Begin 1910 werd bekend dat zowel Cook als Peary de Noordpool had bereikt. Wat bij nader inzien niet zo was, maar dat is weer een ander verhaal. Reden voor Amundsen om te beslissen dat de Zuidpool voor hem was.

Hij neemt een  half jaar de tijd voor de voorbereidingen vertrekt in augustus 1910 met de Fram.
Er gaan 97 halfwilde eskimohonden mee, die tot dan toe waren gehuisvest op een onbewoond eiland bij Stockholm. Het succes van de expeditie hing in feite af van deze honden; uitgebreid beschrijft hij hoe er voor ze wordt gezorgd, zodat ze gezond en fit en zo mogelijk ook handelbaar zullen aankomen op Antarctica.



Onderweg in de buurt van Madeira informeert hij zijn bemanning dat hij niet naar het noorden gaat maar naar de Zuidpool. Dit wordt, zoals hij het beschrijft, "goed ontvangen".
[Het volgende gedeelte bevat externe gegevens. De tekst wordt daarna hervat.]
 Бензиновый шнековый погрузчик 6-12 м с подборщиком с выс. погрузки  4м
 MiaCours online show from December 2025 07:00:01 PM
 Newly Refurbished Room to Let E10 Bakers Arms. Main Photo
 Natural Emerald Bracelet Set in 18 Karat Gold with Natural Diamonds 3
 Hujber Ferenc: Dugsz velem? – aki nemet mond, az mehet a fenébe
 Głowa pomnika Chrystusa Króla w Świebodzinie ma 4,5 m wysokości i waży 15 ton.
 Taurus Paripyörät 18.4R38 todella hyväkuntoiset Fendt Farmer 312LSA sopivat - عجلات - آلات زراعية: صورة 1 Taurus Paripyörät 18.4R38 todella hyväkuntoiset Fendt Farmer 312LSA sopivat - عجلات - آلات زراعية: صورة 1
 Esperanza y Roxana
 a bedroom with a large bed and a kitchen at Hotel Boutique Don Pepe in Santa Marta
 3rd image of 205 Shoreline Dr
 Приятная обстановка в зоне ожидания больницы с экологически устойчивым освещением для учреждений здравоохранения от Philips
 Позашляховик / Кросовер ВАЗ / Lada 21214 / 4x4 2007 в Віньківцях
Begin 1911, 2 januari kruisen ze de Poolcirkel.
Half januari bereiken ze de Rosszee en starten ze met de bouw van hun winterverblijf.
De materialen worden uit de Fram gehaald met sleden. De honden willen slecht meewerken, vechten, en hebben weinig uithoudingsvermogen en gevoelige poten, na maanden stilliggen, maar ze worden al werkend getraind voor hun uiteindelijke taak.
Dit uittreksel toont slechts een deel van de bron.